The conversion from the tom_double arg to the (C) double accepted by the function cos is handled by the C compiler, as is the conversion of the result of cos to the value that is returned. (On all machines currently supporting TOM, a tom_double is simply a double, making the conversion rather easy.)

A few things can be said about this code:

The inclusion of <C-r.h> isn't strictly necessary in this example, but in the case of less trivial implementations, including the file unit-r.h is mandatory. This file is the resolver output and contains vital information about the classes and selectors that are defined in the unit. It also includes the resolver output of the units on which the unit depends, plus the TOM runtime header file <tom/trt.h>. The latter is mandatory (for the C equivalent definitions of the TOM types). Often you will also find use for including <tom/util.h> which contains less elementary information for interfacing with TOM code and the TOM Run Time library (trt).
The first argument to a method implementation is always the (implicit) receiver object. In C you should always declare the type to be a tom_object, even if you think to know that it will be something more specific. The tom_object type is pretty opaque, being defined as follows (in <tom/trt.h>:
typedef struct trt_instance { /* The class of this object. */ struct trt_class *isa; /* The flags needed by the runtime. */ tom_int asi; } *tom_object;
The isa is the pointer to the class of the object; the asi field is used by trt to store (1) whether the object is an instance, a class, or a meta class, and (2) information for the garbage collector. Any instance (or non-static class) variables of the object are not directly available by dereferencing self; a future TOM highlight will shed light on how that can be achieved.
The selector argument cmd is the second implicit argument to every method invocation. The arg is the first `real' argument.

6.3.5. The hack

As promised at the start of this highlight, there also is a hack to write functionality in C. This hack uses the fact that the output of Tesla actually is C.
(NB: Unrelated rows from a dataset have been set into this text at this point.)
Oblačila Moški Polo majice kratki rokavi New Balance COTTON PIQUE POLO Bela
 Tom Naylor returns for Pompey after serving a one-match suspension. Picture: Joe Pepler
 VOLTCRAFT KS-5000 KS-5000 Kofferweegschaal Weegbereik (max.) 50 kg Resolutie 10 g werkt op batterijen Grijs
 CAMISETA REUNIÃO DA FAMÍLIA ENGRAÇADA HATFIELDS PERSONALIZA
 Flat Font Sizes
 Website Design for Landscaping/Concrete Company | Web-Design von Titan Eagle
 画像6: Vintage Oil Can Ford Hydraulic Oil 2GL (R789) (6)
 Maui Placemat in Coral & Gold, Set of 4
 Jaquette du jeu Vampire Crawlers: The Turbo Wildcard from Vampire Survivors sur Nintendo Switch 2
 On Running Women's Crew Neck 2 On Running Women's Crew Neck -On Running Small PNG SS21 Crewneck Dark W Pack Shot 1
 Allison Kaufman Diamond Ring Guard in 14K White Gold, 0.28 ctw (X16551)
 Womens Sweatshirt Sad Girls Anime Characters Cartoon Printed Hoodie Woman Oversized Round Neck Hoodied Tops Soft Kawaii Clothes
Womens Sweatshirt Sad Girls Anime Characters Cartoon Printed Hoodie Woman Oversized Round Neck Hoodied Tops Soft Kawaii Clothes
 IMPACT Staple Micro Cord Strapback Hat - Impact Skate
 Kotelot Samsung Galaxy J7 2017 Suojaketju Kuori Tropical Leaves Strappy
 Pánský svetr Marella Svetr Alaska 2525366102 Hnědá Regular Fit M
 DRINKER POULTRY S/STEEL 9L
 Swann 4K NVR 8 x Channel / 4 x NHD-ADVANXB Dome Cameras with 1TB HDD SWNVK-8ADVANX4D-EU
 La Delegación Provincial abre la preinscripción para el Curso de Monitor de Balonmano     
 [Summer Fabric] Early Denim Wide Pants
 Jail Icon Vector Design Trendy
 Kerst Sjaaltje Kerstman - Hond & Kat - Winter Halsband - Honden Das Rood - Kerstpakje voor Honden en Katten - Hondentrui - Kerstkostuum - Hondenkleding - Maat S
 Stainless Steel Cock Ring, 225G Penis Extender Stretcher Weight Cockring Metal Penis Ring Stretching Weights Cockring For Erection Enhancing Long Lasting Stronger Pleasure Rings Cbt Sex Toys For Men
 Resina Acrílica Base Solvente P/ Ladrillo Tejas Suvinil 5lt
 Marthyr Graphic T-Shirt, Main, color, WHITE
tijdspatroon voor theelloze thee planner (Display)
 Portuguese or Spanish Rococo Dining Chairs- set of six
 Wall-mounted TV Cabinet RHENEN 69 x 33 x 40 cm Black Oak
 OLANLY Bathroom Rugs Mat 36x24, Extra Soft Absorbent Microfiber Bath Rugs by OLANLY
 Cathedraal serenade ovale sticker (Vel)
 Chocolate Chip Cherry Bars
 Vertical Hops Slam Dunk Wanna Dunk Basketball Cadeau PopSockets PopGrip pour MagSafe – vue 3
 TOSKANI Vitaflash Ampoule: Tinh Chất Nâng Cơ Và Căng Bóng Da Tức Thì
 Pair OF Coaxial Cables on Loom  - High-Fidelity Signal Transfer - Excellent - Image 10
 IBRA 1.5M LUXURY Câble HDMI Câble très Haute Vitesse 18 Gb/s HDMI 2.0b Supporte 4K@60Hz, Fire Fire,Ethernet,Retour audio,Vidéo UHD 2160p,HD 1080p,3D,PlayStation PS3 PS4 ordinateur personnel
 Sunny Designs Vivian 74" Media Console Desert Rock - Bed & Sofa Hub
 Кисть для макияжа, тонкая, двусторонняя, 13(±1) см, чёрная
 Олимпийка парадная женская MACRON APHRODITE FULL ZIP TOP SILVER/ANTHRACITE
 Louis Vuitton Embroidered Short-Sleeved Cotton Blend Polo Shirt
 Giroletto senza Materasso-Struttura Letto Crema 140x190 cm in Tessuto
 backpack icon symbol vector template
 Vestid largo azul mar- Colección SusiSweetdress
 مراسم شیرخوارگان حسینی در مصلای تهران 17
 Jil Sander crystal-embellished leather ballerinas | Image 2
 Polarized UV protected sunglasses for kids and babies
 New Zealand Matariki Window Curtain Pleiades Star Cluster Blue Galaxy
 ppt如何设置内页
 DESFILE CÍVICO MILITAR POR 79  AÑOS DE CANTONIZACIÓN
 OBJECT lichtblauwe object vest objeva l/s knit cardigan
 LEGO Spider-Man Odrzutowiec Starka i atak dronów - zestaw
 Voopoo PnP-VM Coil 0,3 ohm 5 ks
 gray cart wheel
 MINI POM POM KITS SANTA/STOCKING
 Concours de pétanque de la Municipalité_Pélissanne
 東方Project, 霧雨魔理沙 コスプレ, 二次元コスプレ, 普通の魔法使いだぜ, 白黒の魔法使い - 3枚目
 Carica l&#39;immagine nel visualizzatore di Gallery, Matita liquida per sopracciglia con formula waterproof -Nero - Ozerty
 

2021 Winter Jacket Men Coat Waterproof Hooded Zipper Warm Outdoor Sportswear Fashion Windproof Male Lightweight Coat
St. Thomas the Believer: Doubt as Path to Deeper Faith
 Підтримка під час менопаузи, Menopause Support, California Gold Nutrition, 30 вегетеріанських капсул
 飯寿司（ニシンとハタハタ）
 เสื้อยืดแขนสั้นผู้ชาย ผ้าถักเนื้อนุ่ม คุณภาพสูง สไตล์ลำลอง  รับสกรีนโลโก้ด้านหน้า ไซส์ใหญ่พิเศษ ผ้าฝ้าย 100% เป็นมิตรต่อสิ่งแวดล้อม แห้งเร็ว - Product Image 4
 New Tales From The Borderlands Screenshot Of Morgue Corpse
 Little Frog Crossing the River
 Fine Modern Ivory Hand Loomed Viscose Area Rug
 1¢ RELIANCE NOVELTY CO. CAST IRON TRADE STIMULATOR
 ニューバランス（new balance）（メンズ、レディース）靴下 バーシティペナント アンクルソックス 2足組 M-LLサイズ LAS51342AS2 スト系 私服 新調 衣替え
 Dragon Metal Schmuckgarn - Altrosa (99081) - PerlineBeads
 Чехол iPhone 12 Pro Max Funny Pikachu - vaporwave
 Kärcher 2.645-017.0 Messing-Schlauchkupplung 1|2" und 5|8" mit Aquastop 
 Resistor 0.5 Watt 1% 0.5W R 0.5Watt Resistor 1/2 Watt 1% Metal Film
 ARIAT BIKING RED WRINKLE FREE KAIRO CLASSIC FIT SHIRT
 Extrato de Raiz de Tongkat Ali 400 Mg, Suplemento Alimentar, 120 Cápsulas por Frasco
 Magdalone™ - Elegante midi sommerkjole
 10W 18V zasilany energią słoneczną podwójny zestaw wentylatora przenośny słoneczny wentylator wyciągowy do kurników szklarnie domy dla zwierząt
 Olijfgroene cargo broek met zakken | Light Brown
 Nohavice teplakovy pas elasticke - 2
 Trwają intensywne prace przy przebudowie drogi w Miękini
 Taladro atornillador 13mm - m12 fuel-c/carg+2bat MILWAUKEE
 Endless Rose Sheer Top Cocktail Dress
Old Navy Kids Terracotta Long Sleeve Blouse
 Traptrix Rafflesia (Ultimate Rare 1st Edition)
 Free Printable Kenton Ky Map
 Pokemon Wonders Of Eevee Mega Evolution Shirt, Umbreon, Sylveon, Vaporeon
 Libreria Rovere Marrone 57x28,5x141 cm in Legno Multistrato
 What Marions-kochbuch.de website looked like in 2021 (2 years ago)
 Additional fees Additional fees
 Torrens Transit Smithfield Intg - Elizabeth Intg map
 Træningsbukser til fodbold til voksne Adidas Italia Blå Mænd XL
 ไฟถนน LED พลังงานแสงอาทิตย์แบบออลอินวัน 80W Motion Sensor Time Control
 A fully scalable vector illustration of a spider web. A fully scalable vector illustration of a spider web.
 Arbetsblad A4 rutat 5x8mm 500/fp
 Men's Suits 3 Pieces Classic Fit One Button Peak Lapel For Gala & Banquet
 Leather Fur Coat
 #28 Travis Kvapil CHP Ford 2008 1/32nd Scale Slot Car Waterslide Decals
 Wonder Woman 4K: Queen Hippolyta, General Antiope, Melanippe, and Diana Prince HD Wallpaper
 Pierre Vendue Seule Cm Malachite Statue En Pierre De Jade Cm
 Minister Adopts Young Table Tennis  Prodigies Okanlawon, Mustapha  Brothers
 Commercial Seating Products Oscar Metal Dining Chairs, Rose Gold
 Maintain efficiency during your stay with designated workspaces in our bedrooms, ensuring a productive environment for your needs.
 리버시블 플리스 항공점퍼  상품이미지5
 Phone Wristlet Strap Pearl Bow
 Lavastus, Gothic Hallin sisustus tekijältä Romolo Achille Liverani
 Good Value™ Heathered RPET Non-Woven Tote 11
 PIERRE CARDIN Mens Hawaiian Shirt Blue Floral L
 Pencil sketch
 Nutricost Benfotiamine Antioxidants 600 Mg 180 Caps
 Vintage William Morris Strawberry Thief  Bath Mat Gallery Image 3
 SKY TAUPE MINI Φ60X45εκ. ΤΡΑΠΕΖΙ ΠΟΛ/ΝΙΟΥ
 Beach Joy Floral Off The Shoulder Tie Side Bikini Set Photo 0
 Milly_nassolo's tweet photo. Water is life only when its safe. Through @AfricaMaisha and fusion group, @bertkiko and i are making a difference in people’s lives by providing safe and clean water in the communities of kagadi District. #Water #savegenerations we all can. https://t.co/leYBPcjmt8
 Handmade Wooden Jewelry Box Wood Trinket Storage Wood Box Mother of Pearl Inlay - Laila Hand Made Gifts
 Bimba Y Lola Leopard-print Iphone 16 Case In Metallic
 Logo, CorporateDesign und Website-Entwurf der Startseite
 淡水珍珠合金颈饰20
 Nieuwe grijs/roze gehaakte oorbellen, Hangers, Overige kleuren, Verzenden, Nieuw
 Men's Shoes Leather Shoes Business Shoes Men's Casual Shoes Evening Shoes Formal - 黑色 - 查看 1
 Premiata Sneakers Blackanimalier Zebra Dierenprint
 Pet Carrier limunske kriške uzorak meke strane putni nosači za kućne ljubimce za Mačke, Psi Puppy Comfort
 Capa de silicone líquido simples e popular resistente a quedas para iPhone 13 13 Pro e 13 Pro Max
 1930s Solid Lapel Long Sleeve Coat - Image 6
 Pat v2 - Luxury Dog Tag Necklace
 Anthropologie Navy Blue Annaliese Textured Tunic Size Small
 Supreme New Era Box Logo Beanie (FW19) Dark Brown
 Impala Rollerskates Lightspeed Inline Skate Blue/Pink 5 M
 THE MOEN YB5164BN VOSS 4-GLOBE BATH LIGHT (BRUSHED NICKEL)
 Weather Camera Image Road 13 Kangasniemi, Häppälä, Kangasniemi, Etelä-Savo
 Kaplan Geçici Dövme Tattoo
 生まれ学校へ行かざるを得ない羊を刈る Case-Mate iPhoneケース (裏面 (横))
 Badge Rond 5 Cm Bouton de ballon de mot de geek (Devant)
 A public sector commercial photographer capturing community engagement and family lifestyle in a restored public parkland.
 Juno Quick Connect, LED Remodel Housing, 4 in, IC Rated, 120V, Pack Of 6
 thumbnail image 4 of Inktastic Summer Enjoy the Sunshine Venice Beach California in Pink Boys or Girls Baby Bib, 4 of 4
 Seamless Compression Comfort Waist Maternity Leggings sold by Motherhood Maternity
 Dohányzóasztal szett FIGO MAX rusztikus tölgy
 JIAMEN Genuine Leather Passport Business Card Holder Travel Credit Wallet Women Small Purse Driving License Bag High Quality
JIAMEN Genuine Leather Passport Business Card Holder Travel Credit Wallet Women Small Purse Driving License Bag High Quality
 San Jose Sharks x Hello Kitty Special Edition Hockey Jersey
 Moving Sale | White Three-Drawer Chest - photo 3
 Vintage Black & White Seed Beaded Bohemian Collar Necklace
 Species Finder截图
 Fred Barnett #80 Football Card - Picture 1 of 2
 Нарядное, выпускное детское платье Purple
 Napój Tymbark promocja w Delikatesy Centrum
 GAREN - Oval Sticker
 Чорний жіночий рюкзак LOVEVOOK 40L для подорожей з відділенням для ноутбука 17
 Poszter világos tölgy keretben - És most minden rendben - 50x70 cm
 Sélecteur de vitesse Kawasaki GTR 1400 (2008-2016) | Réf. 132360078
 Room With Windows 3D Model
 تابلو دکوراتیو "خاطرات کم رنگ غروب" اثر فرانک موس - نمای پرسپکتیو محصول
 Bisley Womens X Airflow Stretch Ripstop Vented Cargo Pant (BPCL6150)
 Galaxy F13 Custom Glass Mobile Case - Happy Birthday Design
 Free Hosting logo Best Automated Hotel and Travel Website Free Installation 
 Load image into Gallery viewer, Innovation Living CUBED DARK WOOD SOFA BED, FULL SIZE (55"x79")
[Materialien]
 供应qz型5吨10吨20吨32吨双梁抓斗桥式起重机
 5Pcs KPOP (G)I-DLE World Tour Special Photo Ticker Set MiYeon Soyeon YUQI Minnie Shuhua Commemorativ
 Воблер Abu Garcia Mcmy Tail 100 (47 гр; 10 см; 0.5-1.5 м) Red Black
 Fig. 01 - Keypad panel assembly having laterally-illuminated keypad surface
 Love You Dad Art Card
Normally, the TOM compiler ignores anything enclosed within <foo> and </foo>, regarding it as comment (which does not nest). The flexibility of this commenting scheme is that special comments, i.e., `comments' with more meaning than just some remark on the code to follow, can be qualified. For example the TOM documentation generator extracts comments enclosed in <doc> and </doc>, regarding them as documentation on the class, variable, or method to follow. It skips all other comments, including the <copyright> and </copyright> at the top of the TOM library units source files, since copyright information is not interesting for the reader that wants to learn how a certain class works.

The single exception to the above rule is that text enclosed with <c> and </c> is not taken to be comment. Instead, the enclosed text is copied verbatim to the output, implying that the text better be literal C code, which is actually what it was meant for.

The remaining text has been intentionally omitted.